According to gossipy Communist sources outside Bulgaria, it all stemmed from a plot aimed at removing tubby Premier Todor Zhivkov, long the staunchest friend of Moscow in all Eastern Europe. While General Anev's men occupied the capital's key bridges, communication centers and the airport, other plotters--supposedly to be led by Todorov-Gorunya--were to invade the Central Committee and arrest the eleven-man Politburo--including Zhivkov. But Soviet counterespionage agents got wind of the coup just in time.
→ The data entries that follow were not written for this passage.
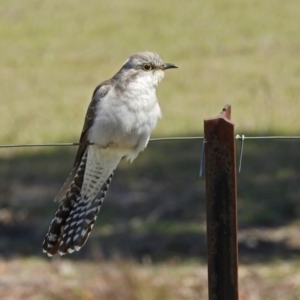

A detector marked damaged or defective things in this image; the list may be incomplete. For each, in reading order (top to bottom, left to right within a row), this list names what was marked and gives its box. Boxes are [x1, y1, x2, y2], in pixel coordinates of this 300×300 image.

rusty metal post [204, 104, 239, 298] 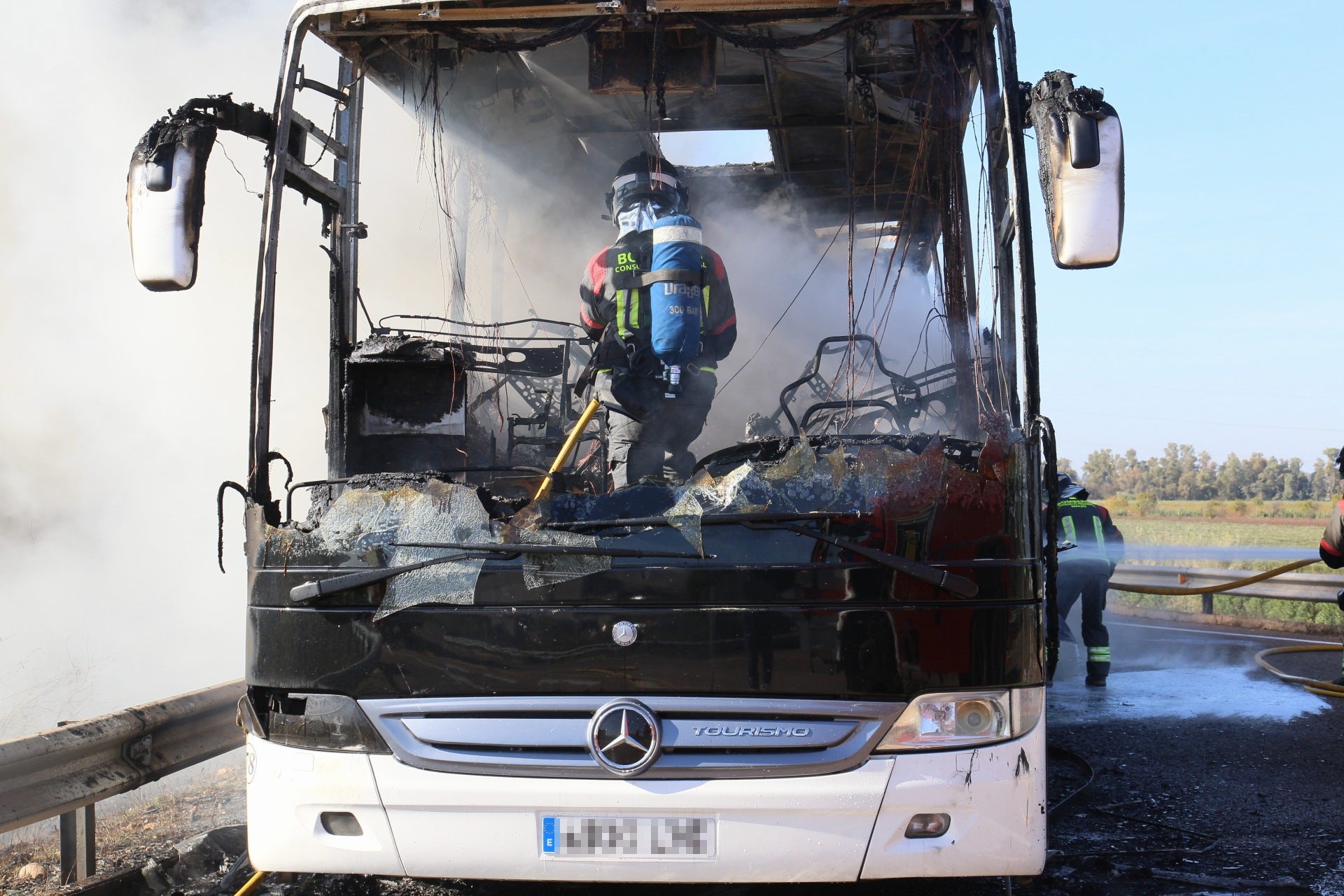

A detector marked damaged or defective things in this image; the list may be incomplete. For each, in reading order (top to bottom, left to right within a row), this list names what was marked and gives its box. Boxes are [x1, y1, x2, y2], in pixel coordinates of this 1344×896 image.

damaged mirror [129, 108, 221, 291]
damaged mirror [1030, 70, 1126, 269]
burned coach bus [129, 0, 1126, 885]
Nascent Nationalism. At first, Sofia tried to make it appear that the plotters were members of a pro-Peking faction working against Bulgaria's Russian protectors. They even planted a story that General Anev had fled to sanctuary in Albania, Red China's nearby ally. But it was not that simple. Anev was actually captured in his native village near the Yugoslav border, in a region long noted for its opposition to foreign invaders--Russian or otherwise. There, 20 years ago, he and Todorov-Gorunya had led an anti-Nazi guerrilla group.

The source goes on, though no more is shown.